Homework Assignment #6

Spring 2010 EE 477

Due April 20, 2010 11:59 PM, online

Solutions will be posted morning of April 21

Assume lambda is .125 microns. Assume Vdd is 2.5v. Tox = 57 angstroms for thinox, and 5000 angstroms for thick oxide. Metal thickness is 0.50 microns. You can use these values for transistor betas: βn (beta)= 219.4 W/L μ A(microamps)/V2 and βp (beta)= 51 W/L μ A/V2 . Rs = 4 ohms for poly.

1(10 %). A 2-input NOR gate drives an inverter through a long wire and a transmission gate is placed 1/4 of the way along the wire. CDn = CDp = 5 ff for each source and drain, and Cgn = Cgp = 20 ff, Rchn = 1000 ohms and Rchp = 4300 ohms, and the wire has resistance Rint = 100 ohms and capacitance Cint = 8 ff. Compare the rise and fall times at the input to the inverter using lumped time constants.

2 (8 %). An NMOS transistor has gate capacitance Cg= 17 ff when Vgs = 2.5 V and the transistor is in saturation. Approximate the gate capacitance when Vgs = 0.0 V.

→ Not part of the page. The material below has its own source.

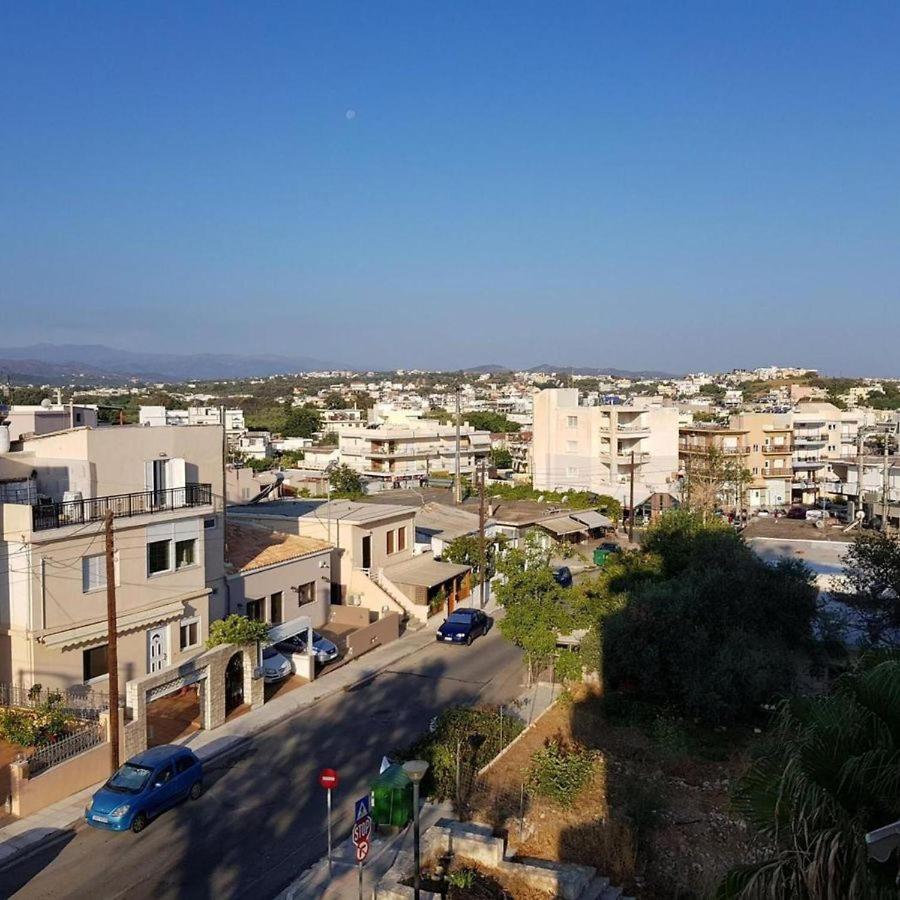 Iriana'S Apartments In Center Chania  ภายนอก รูปภาพ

3 (7 %). Ernie Engineer uses metal1 to connect two cells in his circuit. The metal is 3 lambda wide and 190 lamdba long. The metal resistance R= 0.6 ohms. What is the sheet resistance Rs of the metal?

4 (10 %). Connect an output of an inverter to the input of a second inverter. For the inverters, assume Rchn=1000 ohms and Rchp = 4000 ohms, Cgn=Ggp=Cdn=Cdp=10 ff. Compare the fall time constant at the output of the driving (first) inverter to the fall time constant at the output of the first inverter with the width of the transistors in the driving inverter multiplied by 4.

5 (10 %). Assume a metal1 interconnect 40 lambda long is subject to fringing fields. Use the curves shown in Fig. 6.18 (Kang and Leblebici) to approximate the fringing field factor for the modified output metal interconnect 8 lambda wide. Reading C/Cpp off the figure is not easy so just approximate, noting that the y axis is a log scale. Points will not be deducted for inexact answers.

6. (5 %) What happens to power consumption per transistor with constant E-field scaling?

7. (10 %) For the network of gates shown on page 18-9 of Lecture 18, compute the total longest delay through the network starting with the rise time at the output of gates 1 and 5. Assume Cd = 2Cg.

8. (10 %) A wire stretches 2.6cm across a CMOS chip. Assuming the rise and fall times are 1.2ms on the wire, and the velocity of the electrons is 0.00028 meters per second. Should we consider inductance in our wiring parasitics?

9. (15%) Rework problem 1 using Elmore delay to find the rising and falling time constants at the output of the NOR gate. Find the time constants at the output to the transmission gate as well.


10. (15%) Assume the wire in Problem 8 has resistance .00055 ohms/micron, and capacitance .0033 ff/micron. Compute the wire delay using the lumped wire delay model and the distributed wire delay model and compare them.